ACTIVITY:
Give back every record exactly, with its pictures left out.

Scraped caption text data
◆ ◆ ◆ ◆ ◆

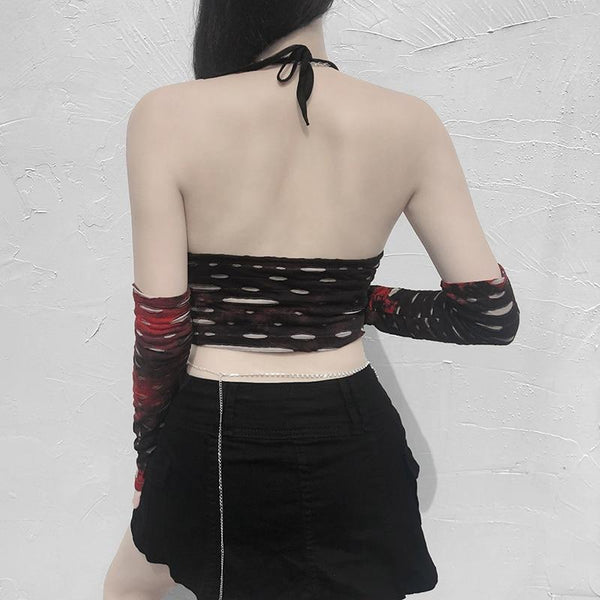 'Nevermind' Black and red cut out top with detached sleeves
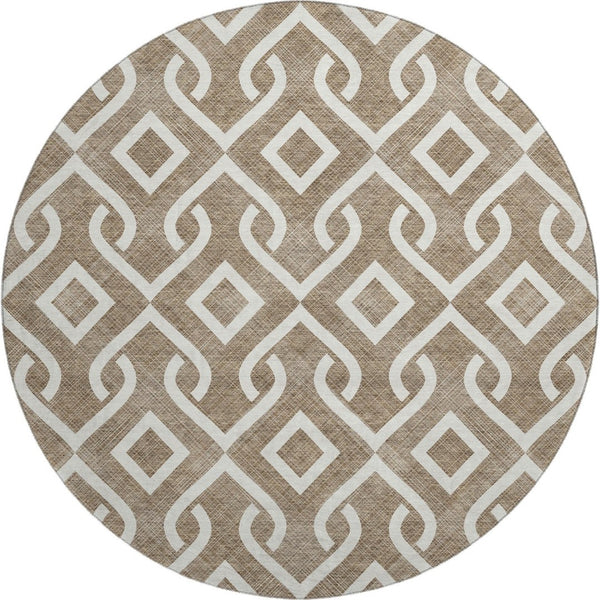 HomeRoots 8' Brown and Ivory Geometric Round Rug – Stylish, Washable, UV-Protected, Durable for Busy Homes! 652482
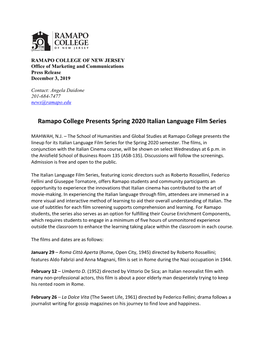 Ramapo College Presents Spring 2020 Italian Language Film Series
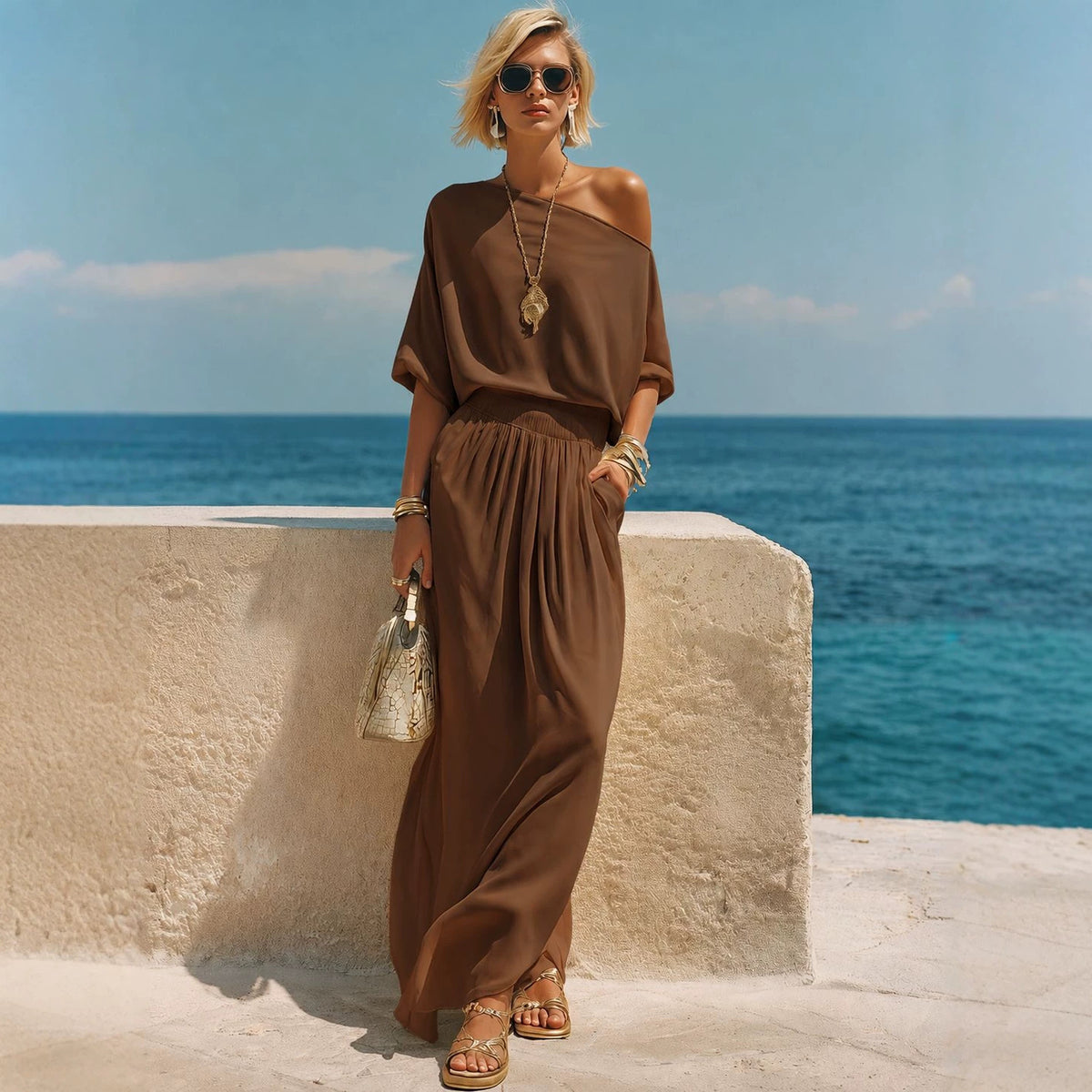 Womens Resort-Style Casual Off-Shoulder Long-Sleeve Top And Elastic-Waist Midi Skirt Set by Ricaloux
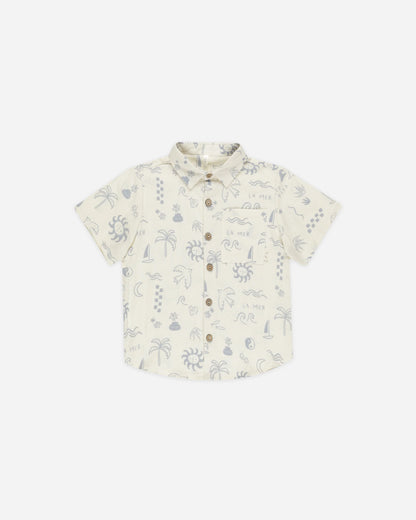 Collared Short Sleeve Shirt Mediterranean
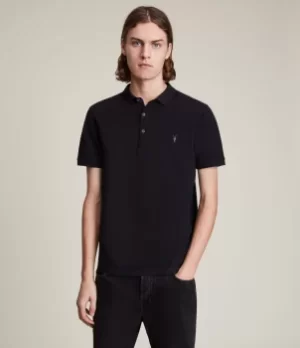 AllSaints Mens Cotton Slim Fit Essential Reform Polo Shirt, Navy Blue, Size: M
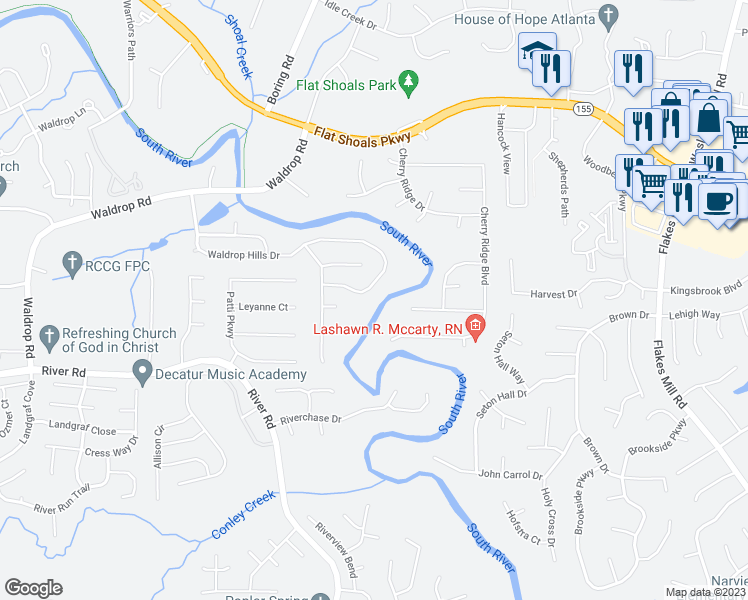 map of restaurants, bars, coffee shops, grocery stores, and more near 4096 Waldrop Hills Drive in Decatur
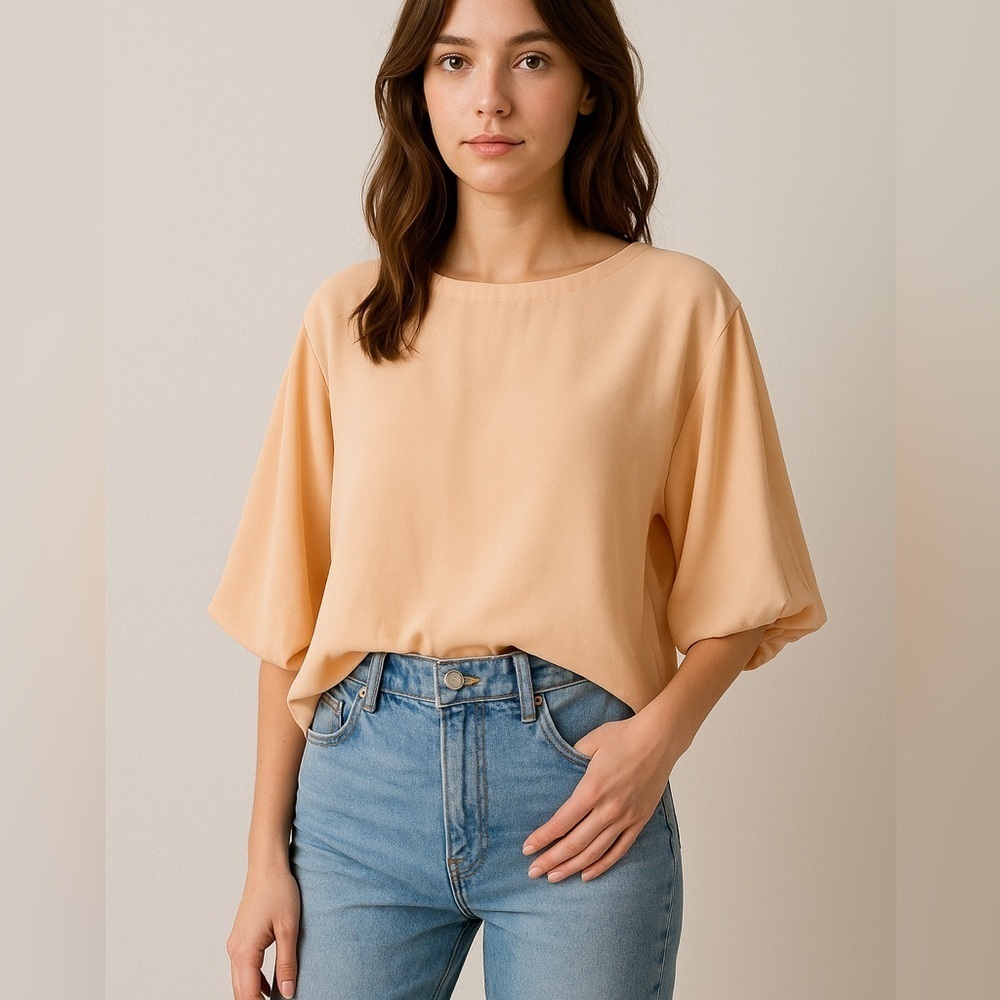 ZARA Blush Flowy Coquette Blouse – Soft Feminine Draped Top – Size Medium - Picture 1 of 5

◆ ◆ ◆ ◆ ◆

EXERCISE RESPONSE:
 'Nevermind' Black and red cut out top with detached sleeves
 HomeRoots 8' Brown and Ivory Geometric Round Rug – Stylish, Washable, UV-Protected, Durable for Busy Homes! 652482
 Ramapo College Presents Spring 2020 Italian Language Film Series
 Womens Resort-Style Casual Off-Shoulder Long-Sleeve Top And Elastic-Waist Midi Skirt Set by Ricaloux
 Collared Short Sleeve Shirt Mediterranean
 AllSaints Mens Cotton Slim Fit Essential Reform Polo Shirt, Navy Blue, Size: M
 map of restaurants, bars, coffee shops, grocery stores, and more near 4096 Waldrop Hills Drive in Decatur
 ZARA Blush Flowy Coquette Blouse – Soft Feminine Draped Top – Size Medium - Picture 1 of 5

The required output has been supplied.